News stories

Administrative law judges ratify first contract

Bruce Cotler UFT Special Representative Ilene Weinerman assists member Henry Mono before he votes.
Bruce Cotler

Amy Baranoff casts her ballot.

After more than eight years without a contract, administrative law judges represented by the UFT have ratified their first collective-bargaining agreement with the city.

The roughly 350 judges, who joined the union in February 2007, overwhelmingly voted to approve the contract in a May 13 ratification vote held at the union’s Manhattan headquarters.
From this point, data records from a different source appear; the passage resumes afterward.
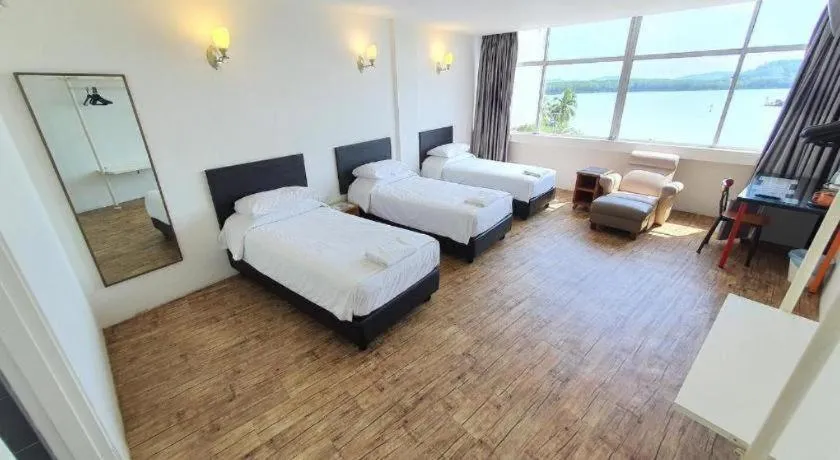 Bed in Riverine Garden Hotel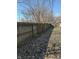 Large backyard is enclosed by a wooden fence that ensures privacy and has trees at 1342 W Lee St, Indianapolis, IN 46221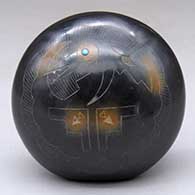 A black seed pot with sienna spots and decorated with a sgraffito stylized avanyu and geometric design plus an inlaid stone
 by Barbara Gonzales of San Ildefonso
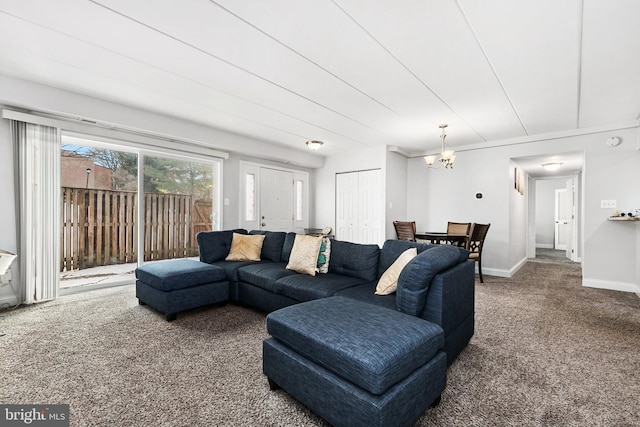 carpeted living room with a notable chandelier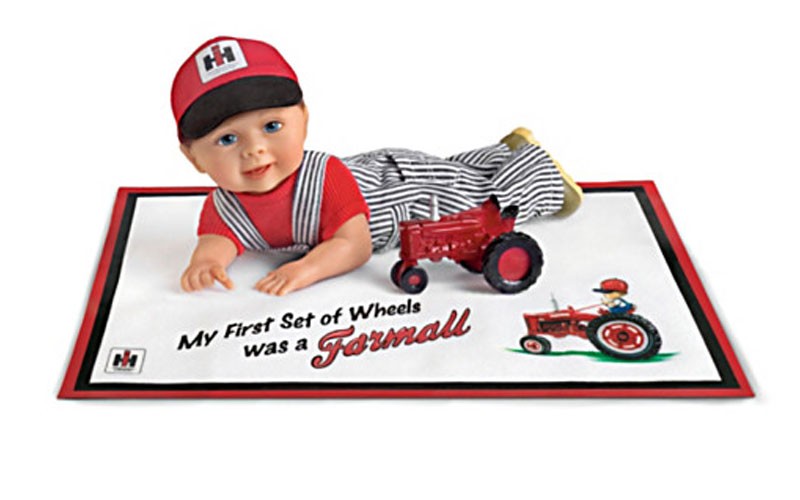 My First Set of Wheels was a Farmall Baby Boy Doll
Ninety-seven percent of the judges voted for the agreement.

“It took years of negotiations, hearings, litigation and mediation, but we now have a first contract that will greatly improve the lives of our members,” said Howard Schoor, the union’s Bronx borough representative, who spearheaded the effort with assistance from UFT Special Representative Ilene Weinerman.

“We always said that our union would commit whatever resources were necessary to win a first contract and we did,” Schoor said.

Over the course of the 11-year contract, which runs from Sept. 25, 2007, through Nov. 30, 2018, judges’ pay will increase by 36 percent, bringing their wages into line with those of workers who do similar work elsewhere.

Incumbents will see an immediate bump in pay to $47.29 per hour, while new hires will now begin at $43.86 per hour. By June 2018, hourly rates will reach $53.85 for incumbents and $49.94 for new hires.

The judges are employed at three different city tribunals, where they hear cases on taxi, environmental and health violations. In the past, they worked at the dictate of management, with hours sometimes reduced or inequitably distributed.

A new four-step appeals process for reduction in work hours, ending in impartial arbitration, will now allow them to combat this unfair treatment.

The new contract also establishes a four-step grievance procedure, including impartial arbitration at the fourth step. It grants members the right to inspect their personnel files up to three times each year and respond in writing to material related to work performance or conduct.

The contract also creates a joint labor-management committee to review working conditions. In addition, it preserves past rights won through litigation such as paid time for blood donation and jury duty.

Prior to the contract, the city had enforced a 1,000-hour annual cap on total hours for judges working in two or more tribunals. As a result of litigation initiated by the UFT, the city’s Office of Collective Bargaining ordered that this cap be rescinded, enabling judges to work up to 1,000 hours per year at each tribunal. The new contract requires the city to abide by this decision for those judges who continue to work and were employed by more than one tribunal at the time of the order, although new hires are not covered.

Negotiating committee member Neil Tolciss said he voted for the agreement because it will not only help judges economically but also will “send a message to the city, the bar and the public that we will fight to maintain administrative judicial integrity and impartiality and the integrity and impartiality of the tribunals on which we sit.”

Laura Fieber, who also served on the negotiating committee, explained her “yes” vote.

“This is our first contract. It puts us in a position of having certain rights and benefits that we’d never had put to paper before,” Fieber said. “It’s a big win for our unit to get the things that we needed.”